This article is about strength training without weights. Is it possible to build strength without weights? Don’t you need to lift a lot of heavy weights to build enormous amounts of strength? The answer is NO!
You CAN do strength training without weights. Take a look at the physiques of gymnasts, they usually have amazing levels of relative strength AND they look great.
Why would you want to do strength training without weights? Maybe you…
- Can’t afford a gym membership and need to work out at home…
- Don’t like gyms and would rather work out at home…
- Can’t afford an olympic barbell weight set and you still want to build strength…
- Or you just want to try something different this time for strength training!
Here’s the guidelines you should follow…
1. Pick Whole Body, Multi-Joint Exercises.

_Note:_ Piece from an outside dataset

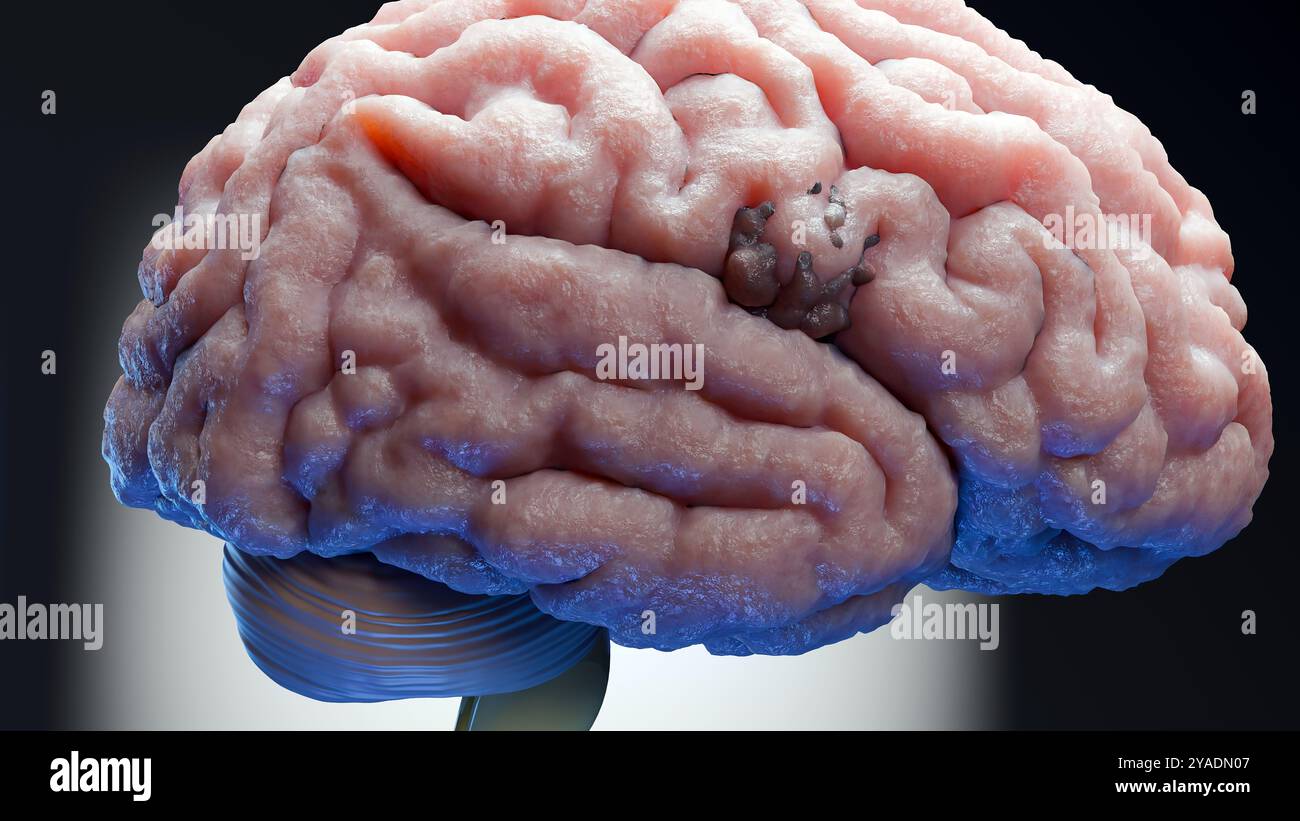 Anatomie du système nerveux du cerveau humain, cancer neural, bulbe sébacé, cancer du cerveau croissance et propagation des cellules malignes tumorales, méningiome, neurologique d Banque D'Images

When you’re just starting out, the basic pushup, Bodyweight Squats, Pullups, Dips and situps are good. Once you’re past a beginner’s level though — it’s hard to build maximal strength with these exercises. (Read my article on Strength Training 101 for the different definitions of strength).
Once you’ve built a base level of strength, you can pick full body exercises like the pistol (one legged squat) and one arm pushup and ab wheel rollouts. These are excellent full-body exercises.
2. Decrease Your Leverage To Increase The Resistance.
In order to build strength you need lots of resistance. Your bodyweight doesn’t provide a lot of resistance if you’re doing just pushups, squats, pullups, etc… so you increase resistance (because you can’t increase the weight past your bodyweight) by decreasing your leverage.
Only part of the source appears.